Léa has previously worked a lot with a similar game on the climate crisis (and conducted a group project on how to use and modify it in different teaching contexts; article about this being written as we speak…), but at least in our context of a technical faculty, but possibly also more generally, it is very tempting to fall into technical solutions to “fix” the climate crisis, and shy away from discussing the necessary and scary massive changes to life as we know it. One of the advantages of the biodiversity game is that climate change is only one of five drivers of loss of biodiversity — which makes the problem much bigger, but also the discussion of solutions much richer. Also it makes it a lot more obvious that many of the currently discussed technical solutions to the climate crisis might not actually be desirable at all, since they have adverse effect on biodiversity — and we just looked at the consequences of biodiversity loss for the 90 minutes of the game before!

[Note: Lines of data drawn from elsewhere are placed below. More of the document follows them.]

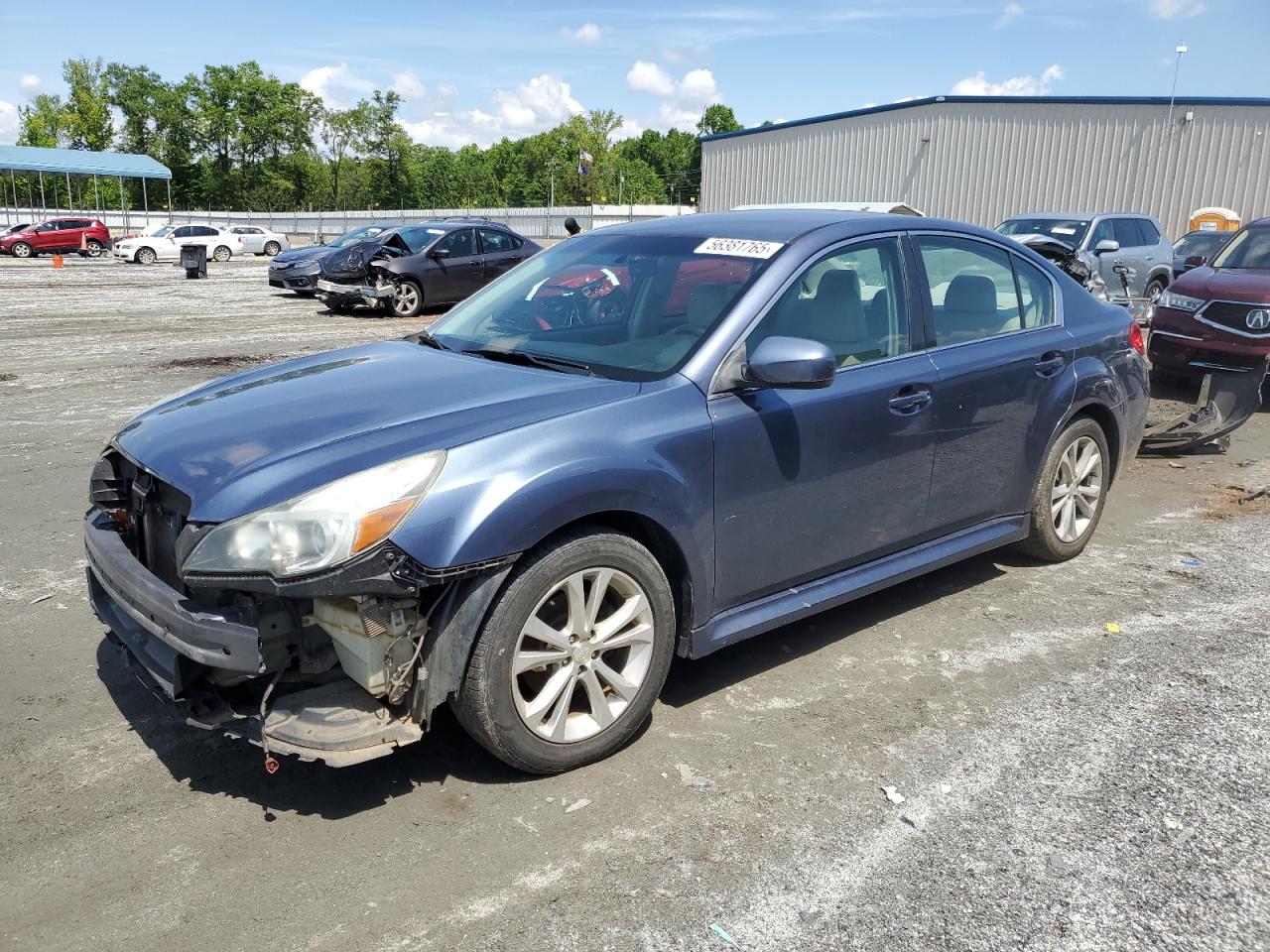 2013 Subaru Legacy 2.5I Limited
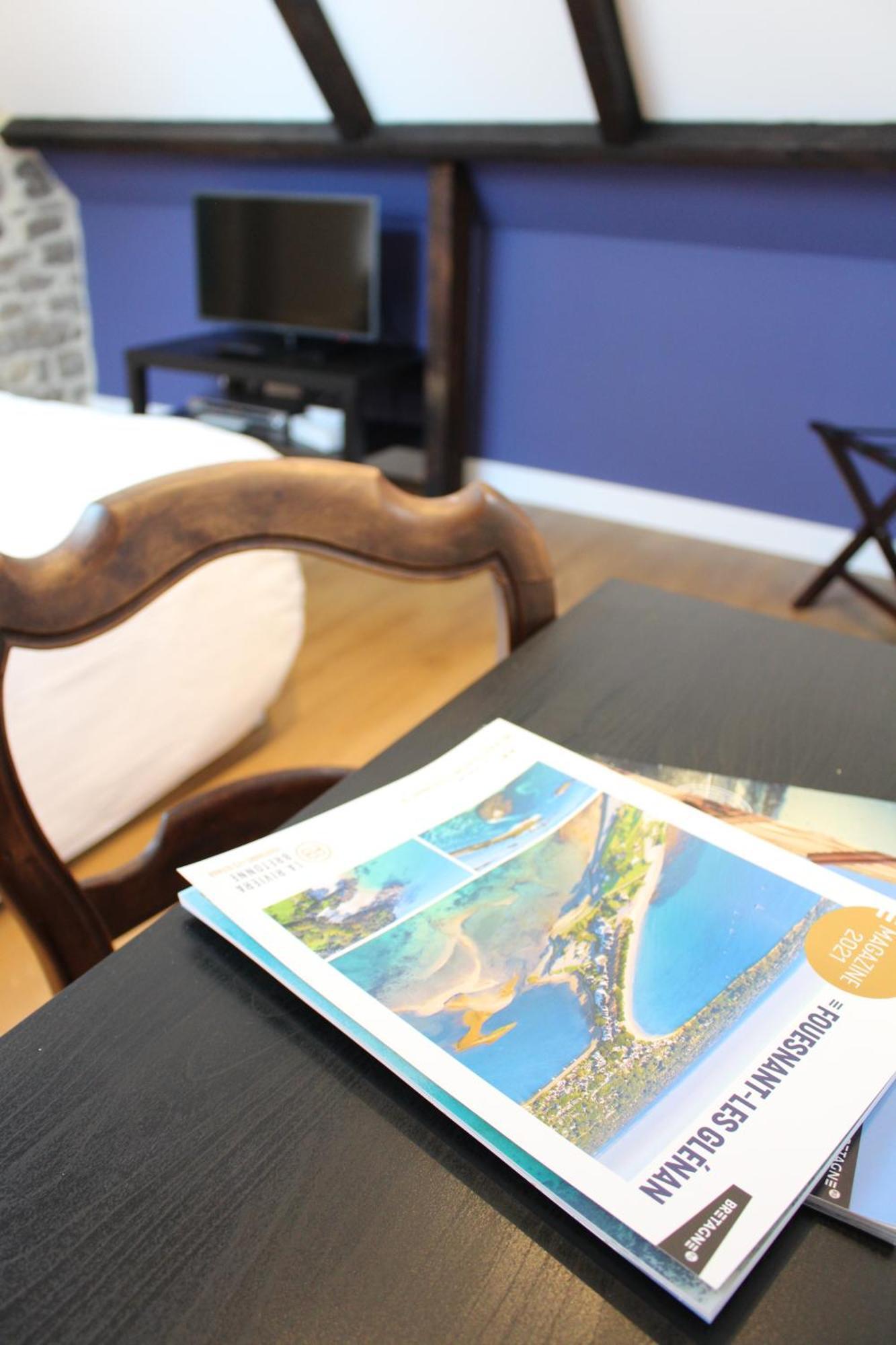 Manoir Du Moustoir - Hotel Les Empreintes Saint-Evarzec Ngoại thất bức ảnh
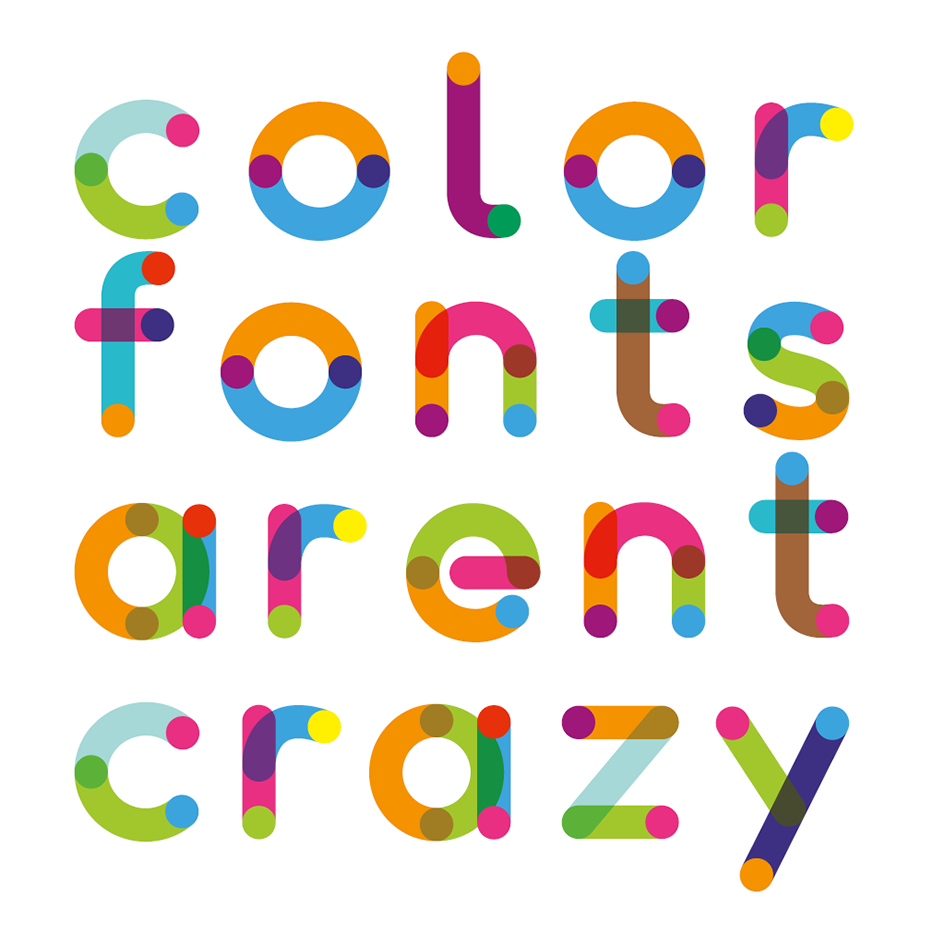 Fontself Maker to bring color font creation to anyone.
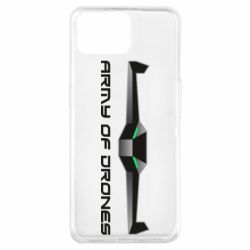 Чехол для Oppo A73 Army of Drones - PrintSalon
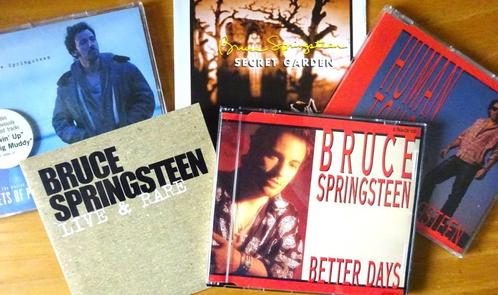 Bruce Springsteen - 5 CD singles samen voor 10 €   , Cd's en Dvd's, Cd's | Rock, Zo goed als nieuw, Poprock, Ophalen of Verzenden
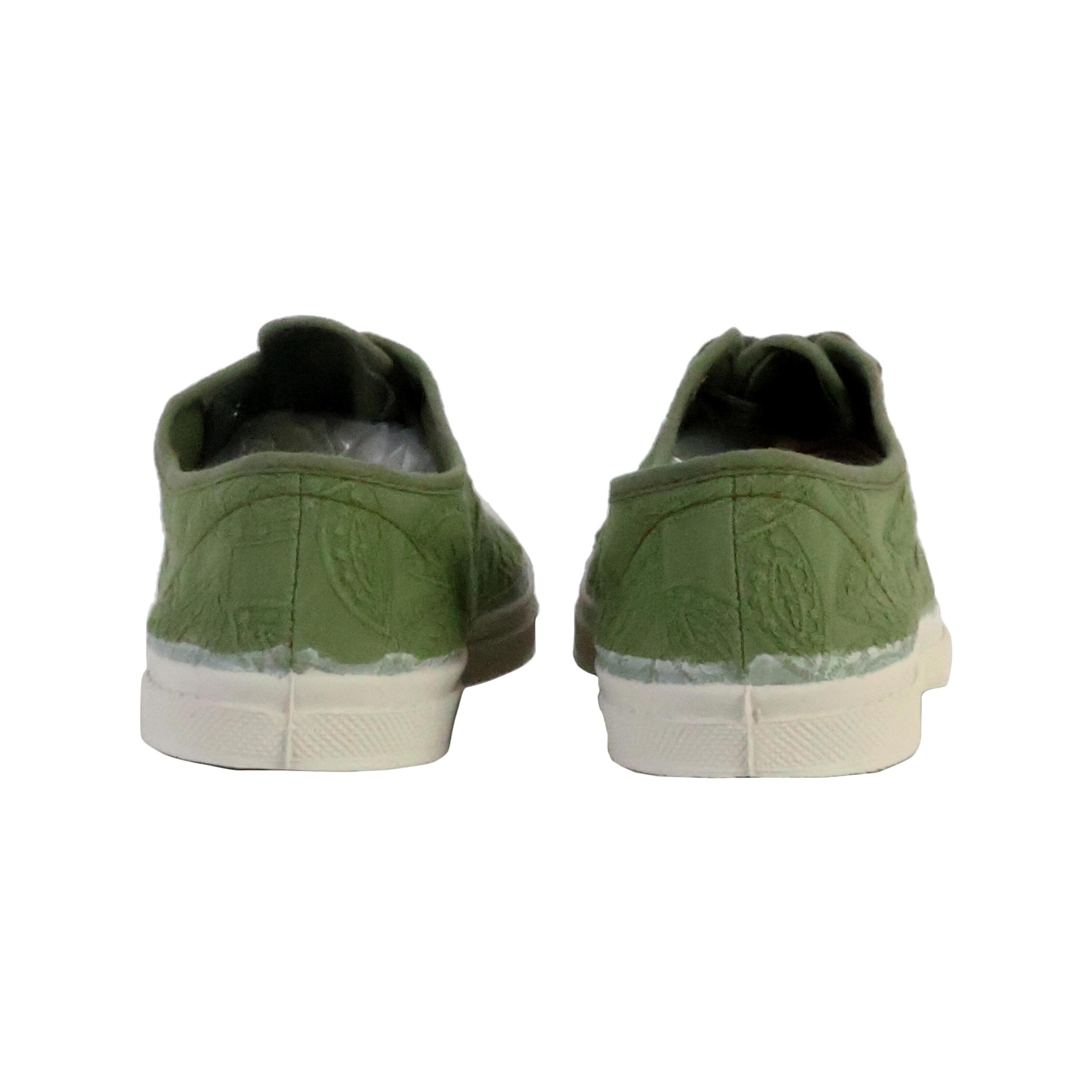 Tennis à Lacets Bensimon Broderie Anglaise - Femme 4/5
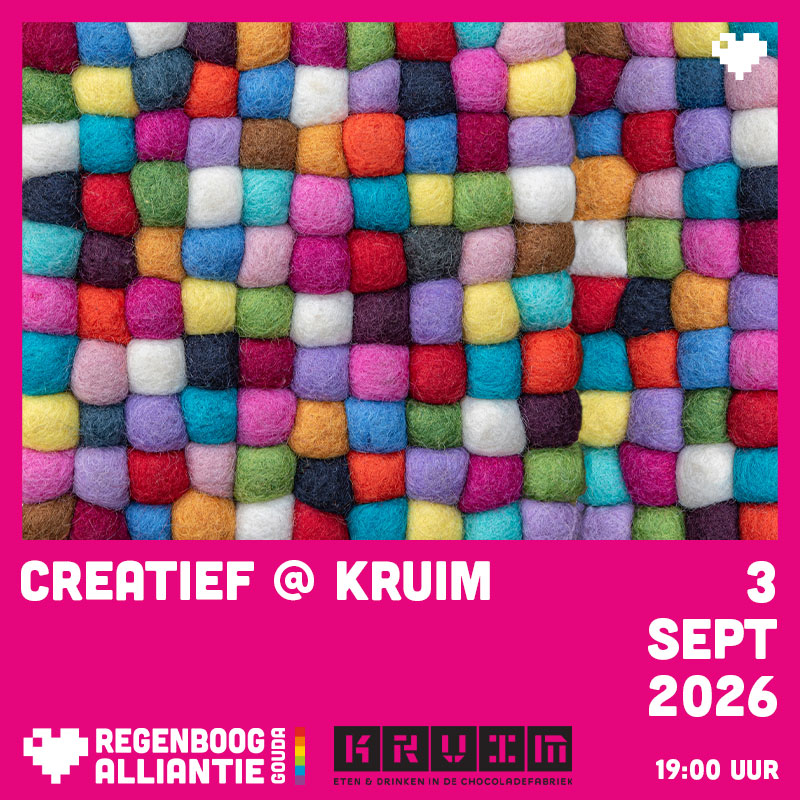 Creatief @ Kruim – september 2026 regenboog-alliantie-creatief-kruim-september-2026
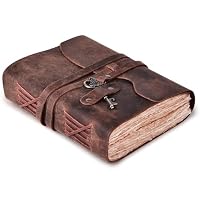 インドのアンティーク雑貨✨魔法のジャーナル✨天然レザー製／ノート／ヴィンテージ Amazon.co.jp: LEATHER VILLAGE ヴィンテージレザージャーナル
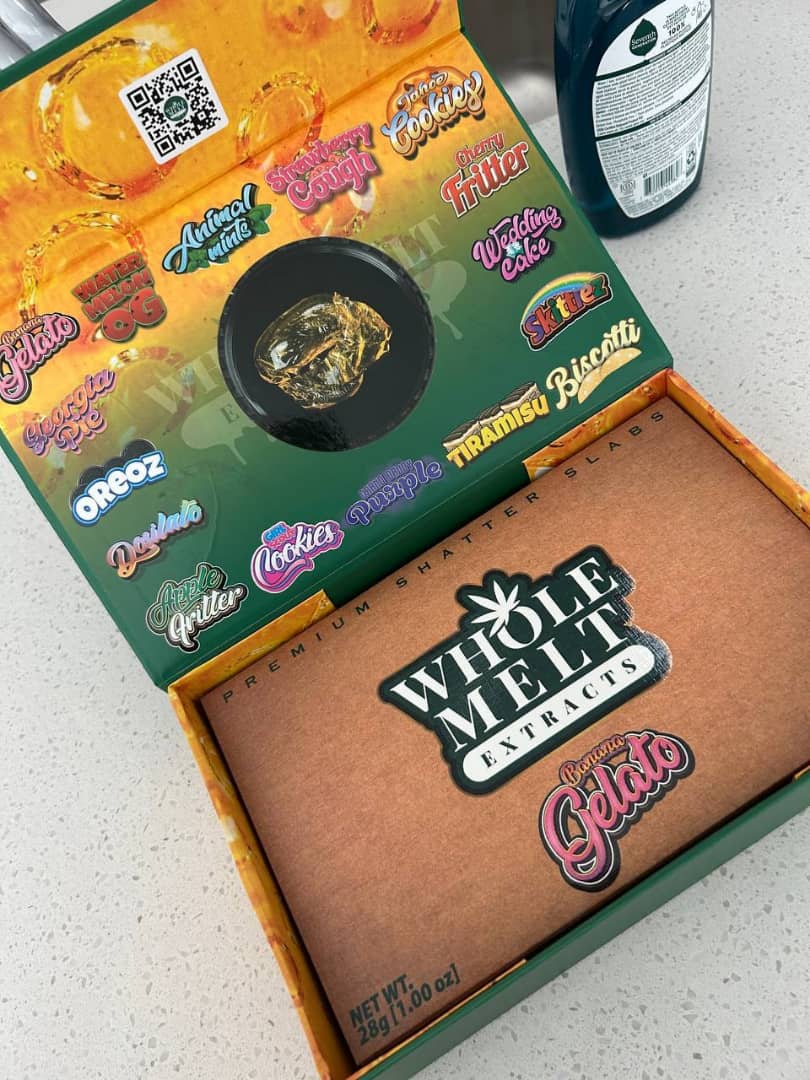 Whole Melt Extracts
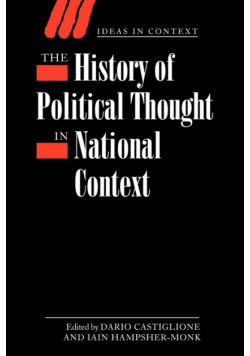 The History of Political Thought in National Context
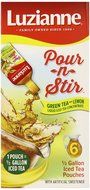 Luzianne Pour-n-Stir Sweet Tea, 6 Count (Pack of 6) N7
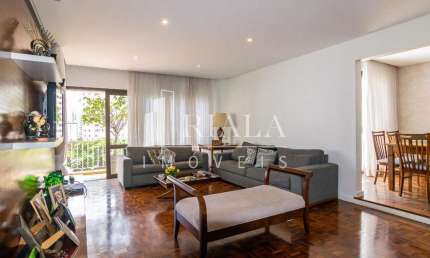 Apartamento com 177 m², 3 quartos sendo 3 suítes à venda em Moema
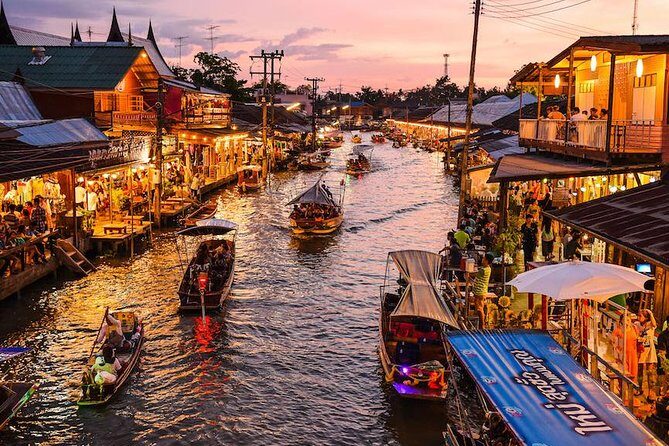 VIP Private Tour Damnoen Saduak+ Amphawa + Mae Klong Railway - Who Would Love This Tour?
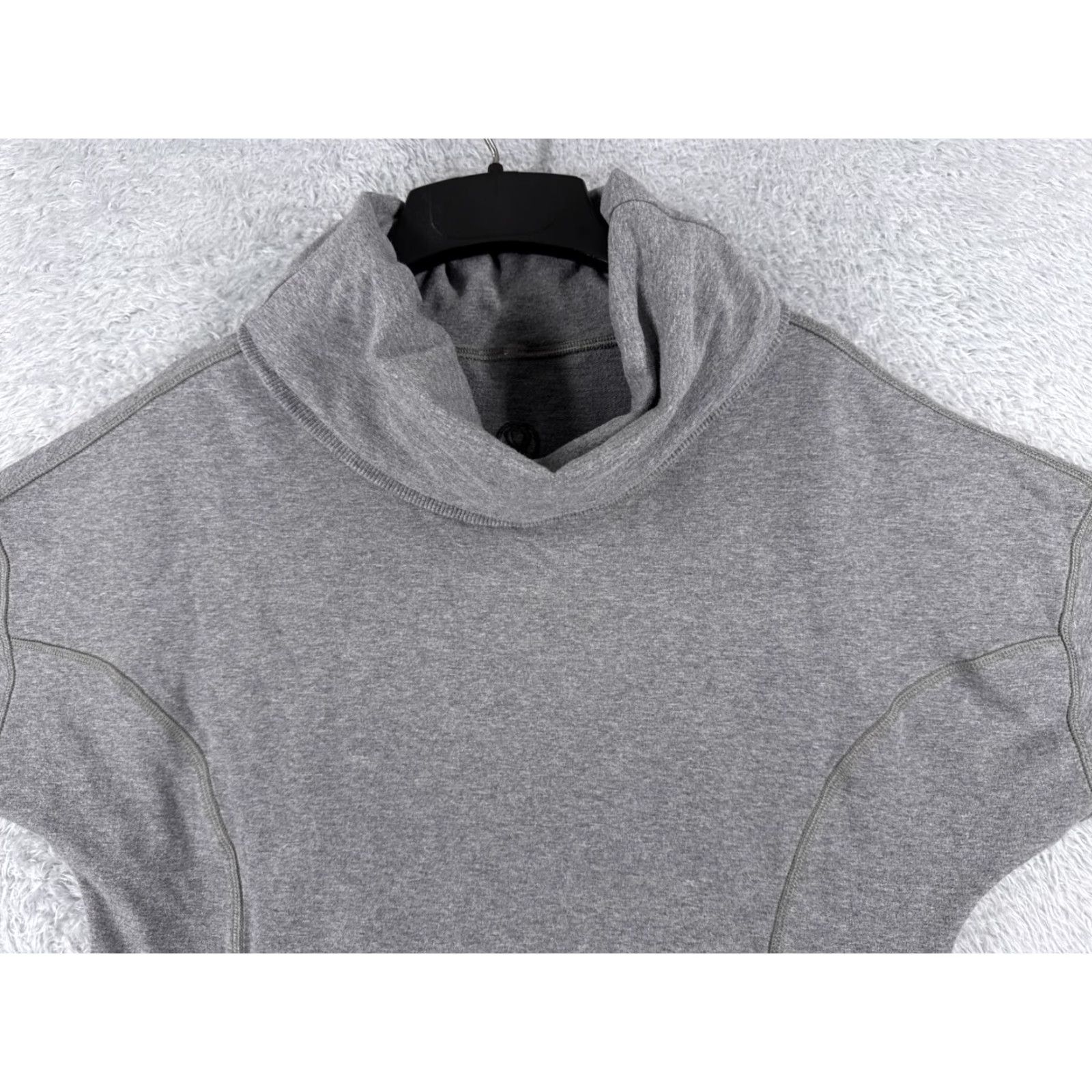 Lululemon Lululemon Sweater Women 4 Gray Rest Day Pullover French Terry Run Gym W3A55S Size S / US 4 / IT 40 - 4 Thumbnail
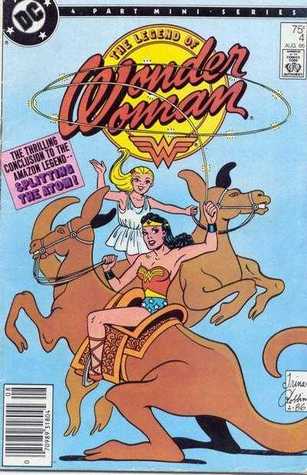 The Legend of Wonder Woman (1986) #4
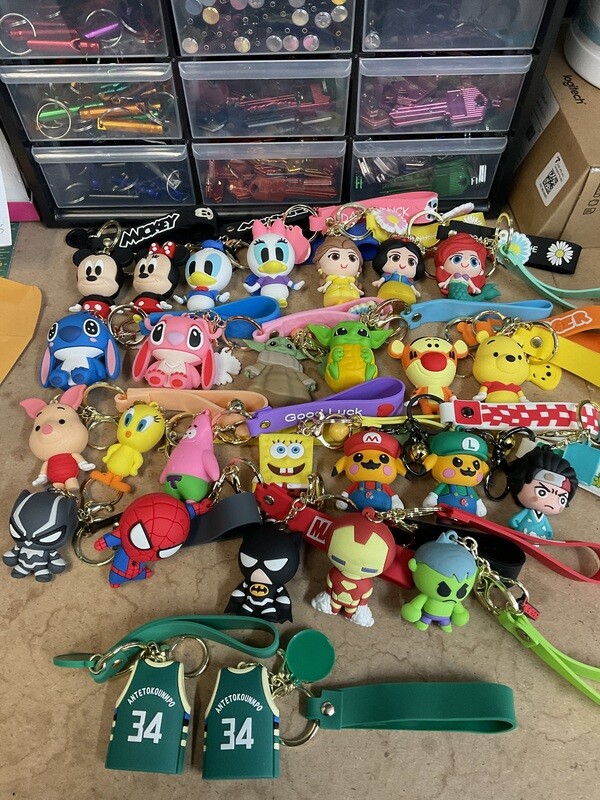 Character Keychains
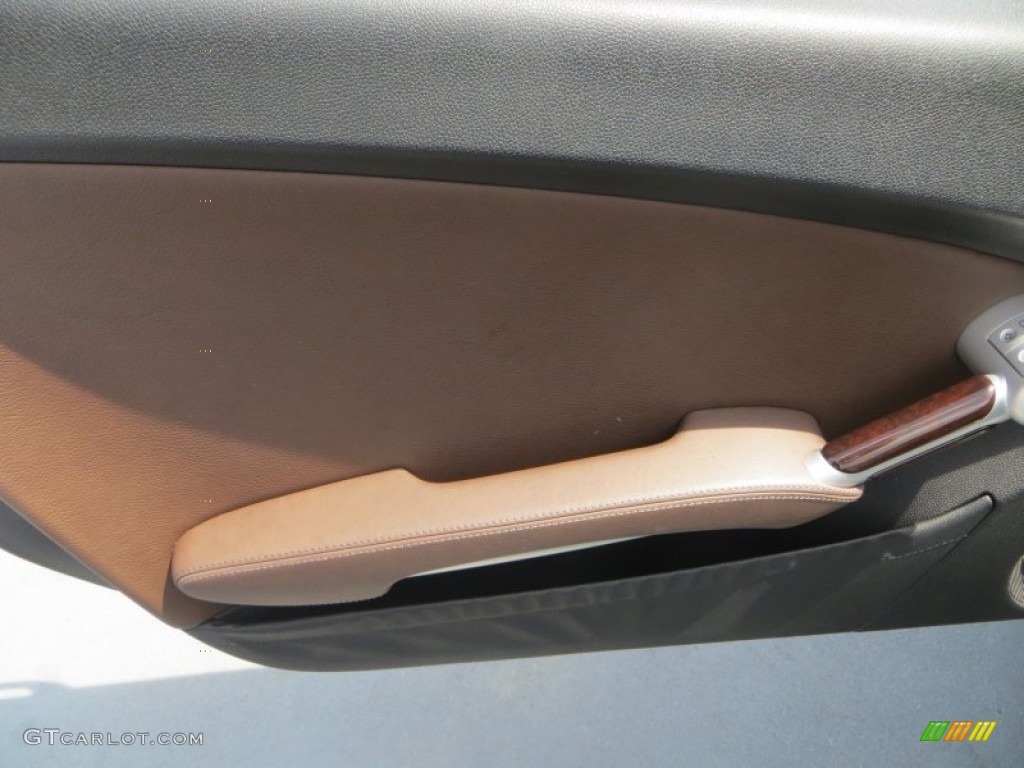 2006 SLK 350 Roadster - Alabaster White / Brown Nappa photo #24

One aspect of the workshop is also the very good way of dealing with the emotions that arise when engaging with the topic: They are explicitly addressed and articulated. Plus the workshop ends with a structured way to brainstorm next steps — a great way to raise participant’s self efficacy! I was very surprised how — after having just discussed my current bad phase of climate anxiety in a meeting yesterday morning — I came out feeling hopeful and ready to tackle the challenges. And I think that’s the huge strength of the game: Creating community to discuss concerns and solutions with, and having those discussions facilitated in a way that leads towards “what is it that I can do personally in different areas of my life”.

So what’s the verdict now for the game as a teaching tool? I would totally encourage everybody to try! I think it’s a great way to show the enormous scope of the problem and help students discover connections, while not overwhelming them emotionally or with the depth of discussions. This could work well in the beginning of a course to motivate later discussions of specific aspects or mechanisms, or also to bring together different expertises after group projects, or just as a stand-alone activity. Also for us as teachers it is totally worth joining such a workshop — I am sure there are new aspects that come up in every iteration of the game, depending on who is joining. And now I want to learn how to become a facilitator myself! :-)

Find out more about The Biodiversity Collage here!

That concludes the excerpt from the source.